3. Result and Discussion3.1. Effect of pH
pH is play important role for ionic reaction , the pH of the sample will decided the how much coagulant are effective. To determine the effectiveness of chitosan on wastewater sample, pH from 2 to 10 at 20 mm coagulant was used, which is shown Figure 3. It was observed that at pH 2, 3, 4, 5, 6 (acidic nature) the COD 30%, 33%, 35%, 37%, 40% and color 33.5%, 38.9%, 44%, 46.5%, 49% reduction respectively. The maximum percentage of COD 55% and color 62% reduction shows at pH 7. At pH 8, 9 and 10 the 48%, 39%, 31% of COD and 57%, 48%, 35% of color reduction was observed. It is due to at higher pH, chemical functional groups associated with organic are ionized and results in increasing of negative charge. Whereas, at lower pH there is no ionization of any functional groups and organic removal is achieved mainly due to adsorption. Analysis of the species of aluminum in water indicates that polycationic polymers predominate below pH 6 and hydroxide precipitate dominates in the pH range 6 to 9 . The mechanism of pollution removal, therefore, is different under the different pH condition.
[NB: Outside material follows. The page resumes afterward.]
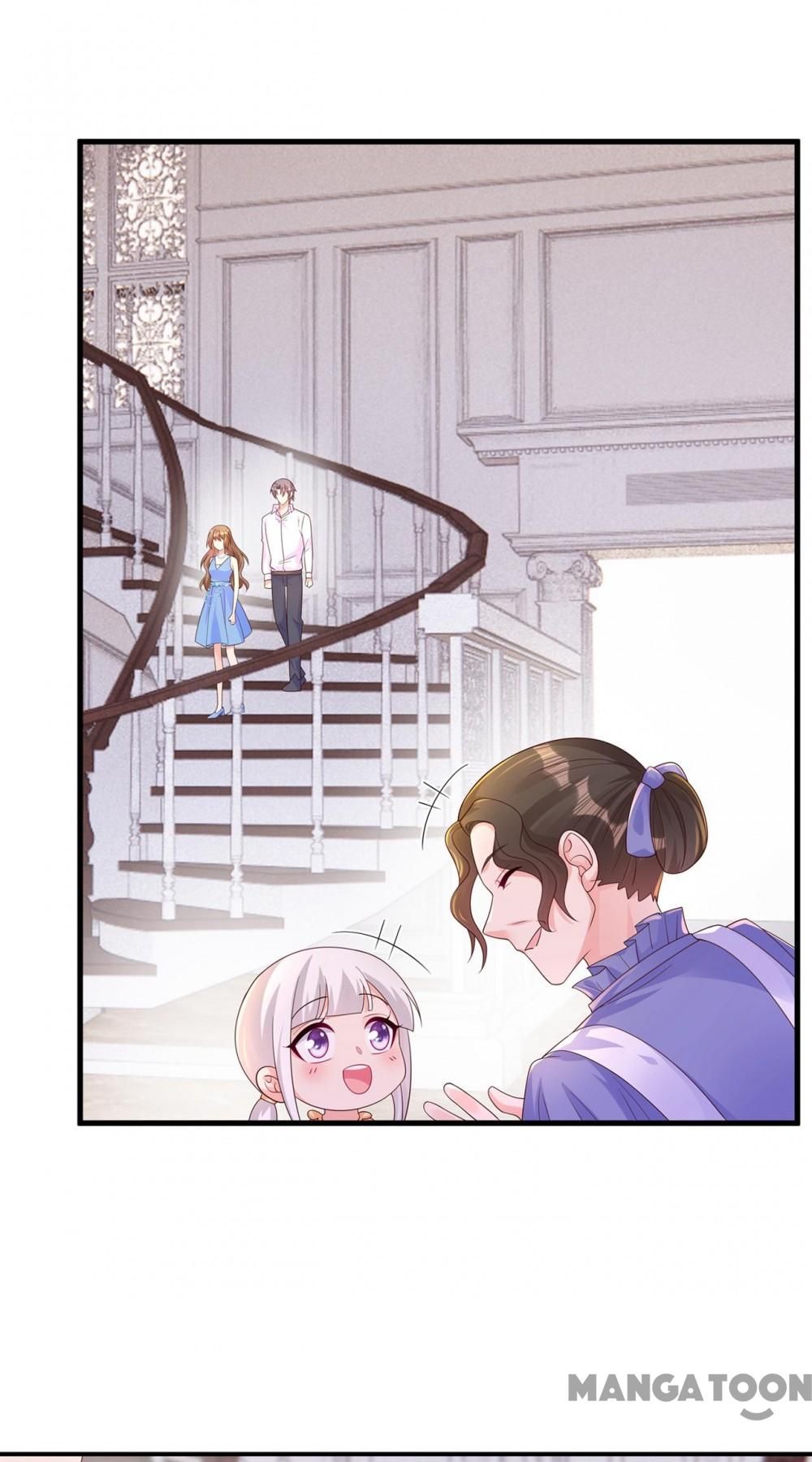 Page 6 of Chapter 407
The removal of pollution fractions was dependent upon treatment conditions such as applied coagulant dose, pH, etc. and that treatment conditions can be optimized based on the character of the organic matter present in the raw water . To determine the effect of mass loading of chitosan at optimum pH 7 on wastewater sample is shown in Figure 4. The mass loading were varies from 20 mm to 60 mm. The maximum COD 83% and color 90% was found at 50 mm of chitosan. At initial when mass loading was 20 mm, 30 mm, 40 mm the COD 55%, 63%, 75% and color 62%, 71%, 78% was observed. Further increases in mass loading the COD 73% and color 76% were decreased. Over dosing of coagulant reduced the performance of treatment is due to restabilisation of colloids in effluent. In addition, coagulant overdosing will inevitably result in excessive sludge formation and increased chemicals and residuals management costs. In under dosing the amount of coagulant is not sufficient to neutralise the colloidal and optimum dosing mechanism of coagulation is relevant .
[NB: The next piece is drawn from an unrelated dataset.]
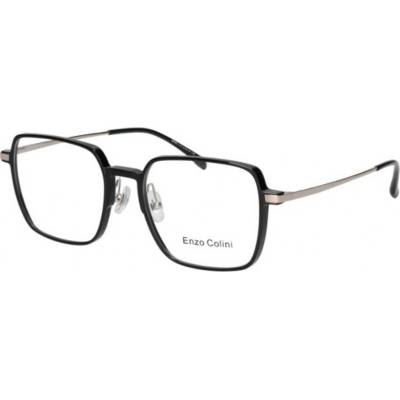 Enzo Colini EC68065_c12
Rapid mixing after coagulation is an important design parameter. The coagulant must be uniformly mixed with the raw water. In case mixing is poor local under- and overdosing occurs, resulting in poor performance of the process. The parameter expressing mixing intensity is called the velocity gradient. To determine the effect of mixing 50, 80, 120, 150 and 200 rpm on wastewater sample was carried out at pH 7 and mass loading 50 mm is shown in Figure 5. It was observed that at initial 50 rpm, 80 rpm, 120 rpm the COD 58%, 65%, 72% and color reduction 63%, 70%, 81% respectively. The maximum COD and color reduction 83% and 90% was found at 150 rpm at the beginning 5 miniutes. Further increase in mixing speed 200 rpm decrease the COD 74% and color 79% reduction performance. Mixing intensity and time has significant effect on the mechanisms (e.g. sweep coagulation, sedimentation) involved in the following process of coagulation . Between the hydrolysis of the coagulant in water and the development of large flocs, short-lived water soluble hydroxide complexes, metal hydroxide sols are formed, which also carry a positive charge . The bond between the suspended solids to be removed and the polymeric sols and water soluble hydroxide complexes must be established within this short period. Rapid mixing of the coagulant will ensure rapid hydrolysis of the coagulant, contact between the sols and the suspended solids and will retard the development of large flocs which are inactive in destabilizing the dispersion and removing of pollutant.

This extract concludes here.